**INFORMATION**
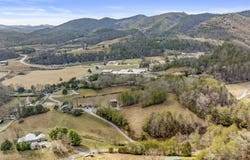 Lot 9 Nellie Drive, Sevierville, TN 37876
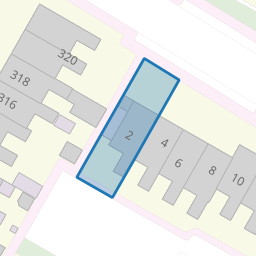 Perceel HZM00-G-3670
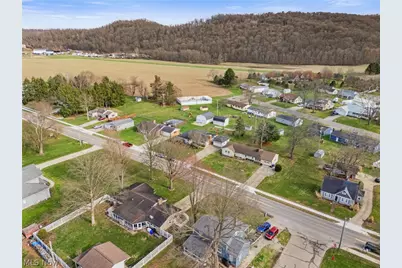 516 E Main Street, Gnadenhutten, OH 44629 - Photo 42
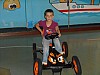DSCN2356.jpg DSCN2356.jpg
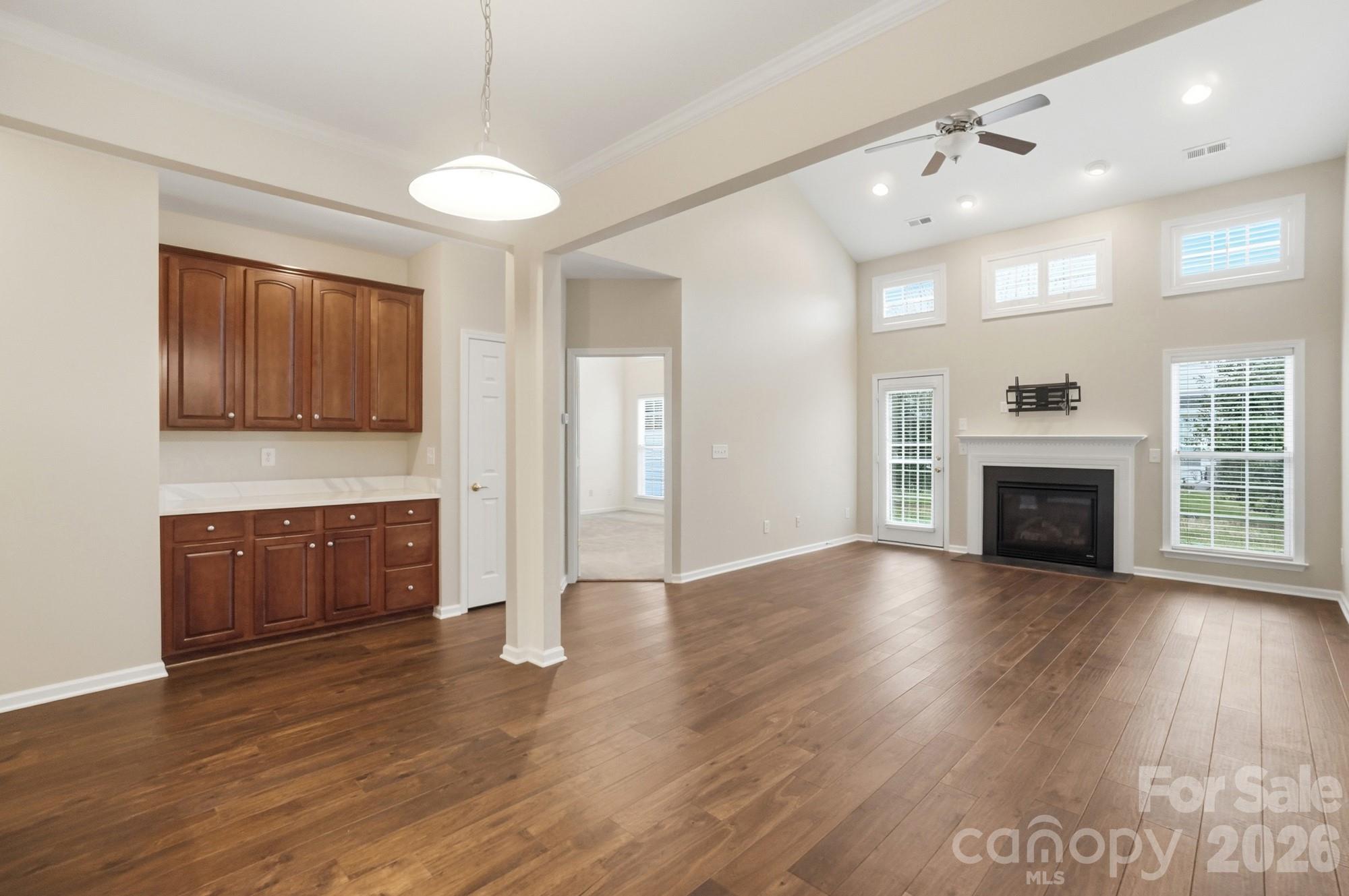 284 Garnet Court
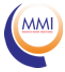 MMI
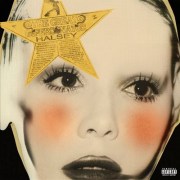 halsey_-_great_impersonator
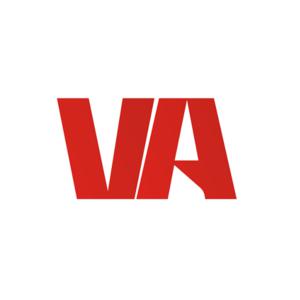 Picture for song 'SOLD*Whip (non hook)' by artist 'VanildaMusic'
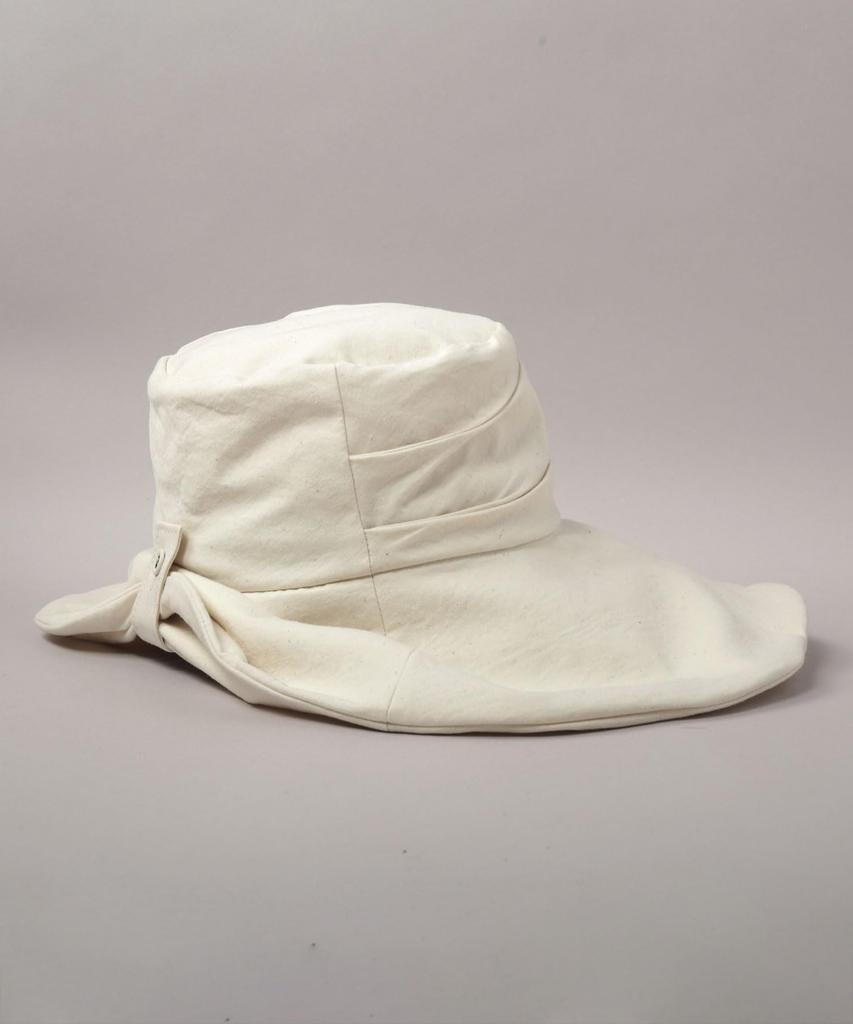 [Kashira] CACHE CACHE UV & WASH 4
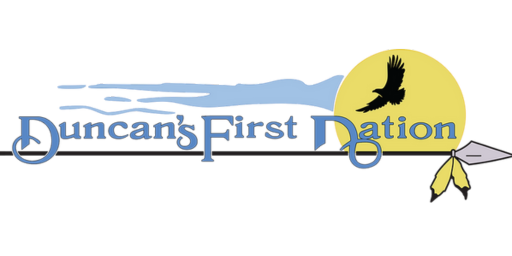 Duncan's First Nation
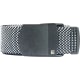 product-star black/white-swatch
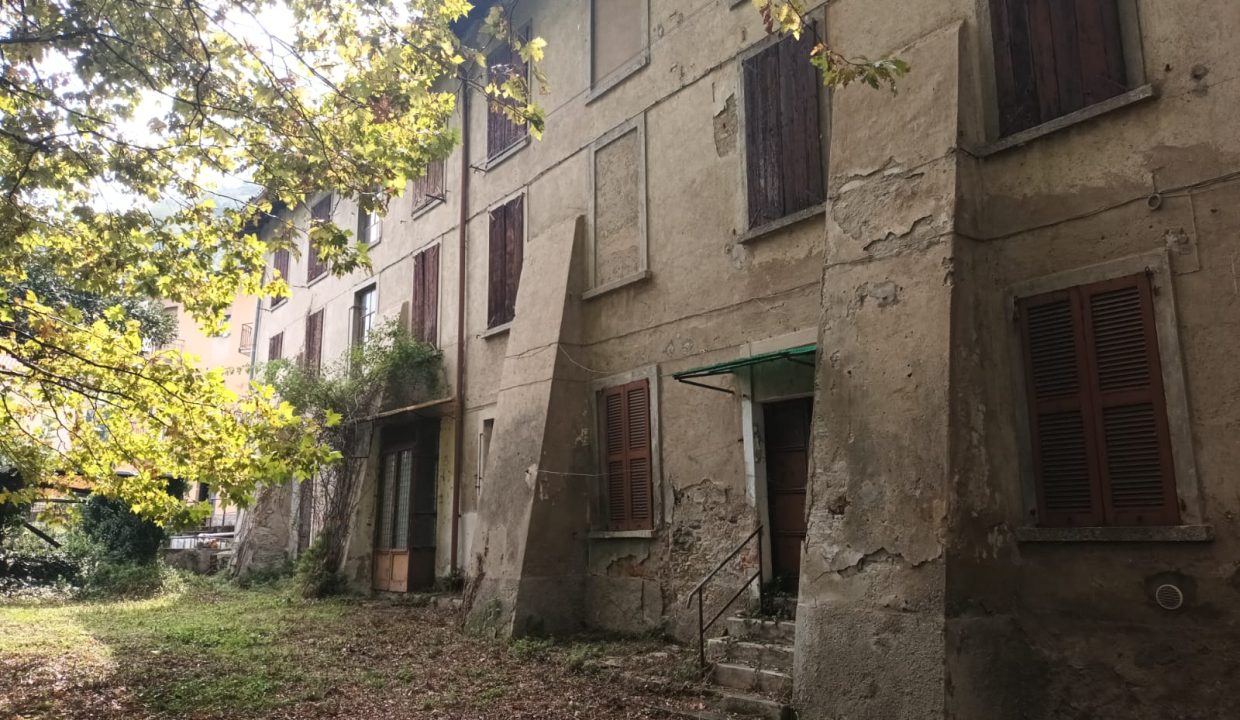 EX FILATOIO OLGINATE (1)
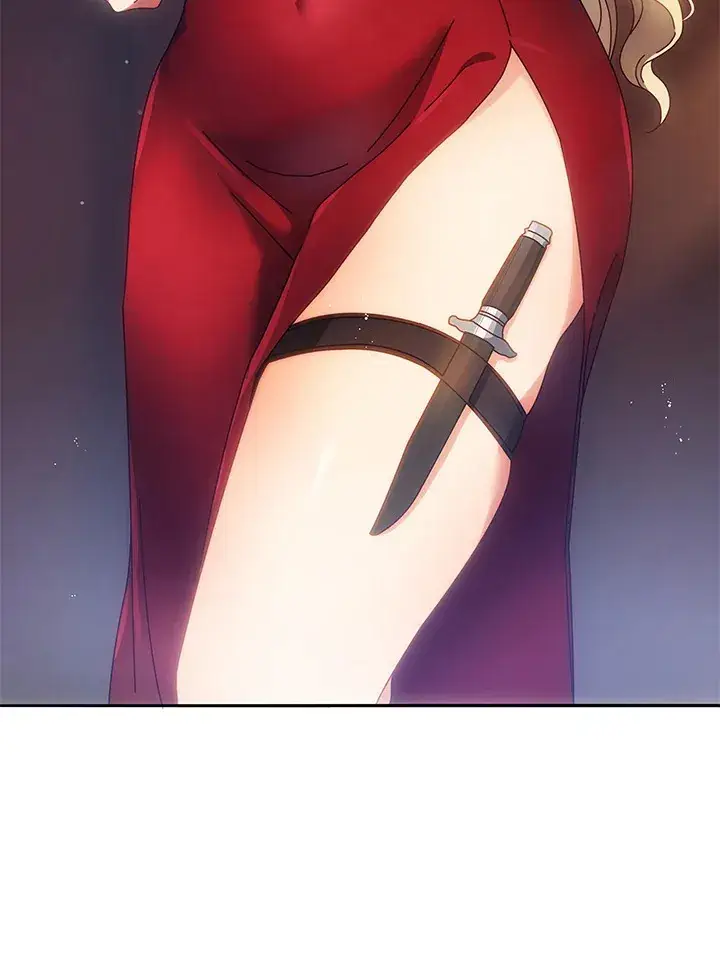 《死灵术师学院的召唤天才》第45话图115
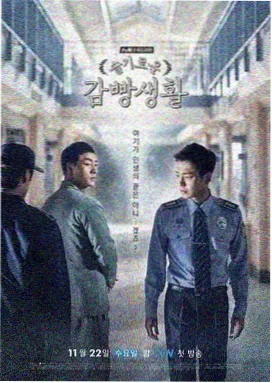 丽宫影院热播剧推荐-繁花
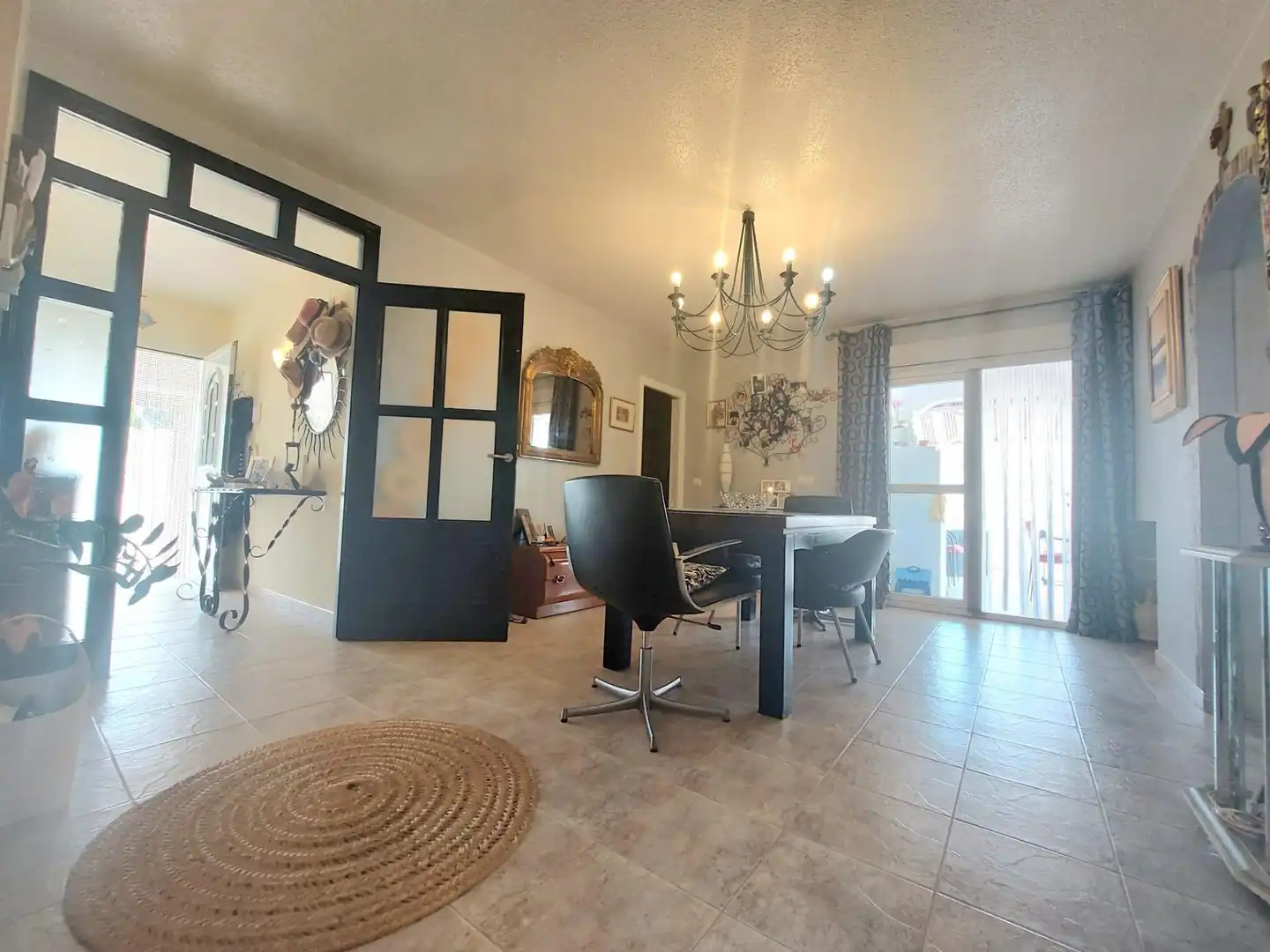 Villa avec terrasse à vendre à Calabardina, imagen 17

**REQUIRED WORK**
Output only the lines above from the line that holds "Perceel HZM00-G-3670" through the line that holds "product-star black/white-swatch", both ends included, and exclude pictures.

**RESULT OF THIS EXERCISE**
 Perceel HZM00-G-3670
 516 E Main Street, Gnadenhutten, OH 44629 - Photo 42
DSCN2356.jpg DSCN2356.jpg
 284 Garnet Court
 MMI
 halsey_-_great_impersonator
 Picture for song 'SOLD*Whip (non hook)' by artist 'VanildaMusic'
 [Kashira] CACHE CACHE UV & WASH 4
 Duncan's First Nation
 product-star black/white-swatch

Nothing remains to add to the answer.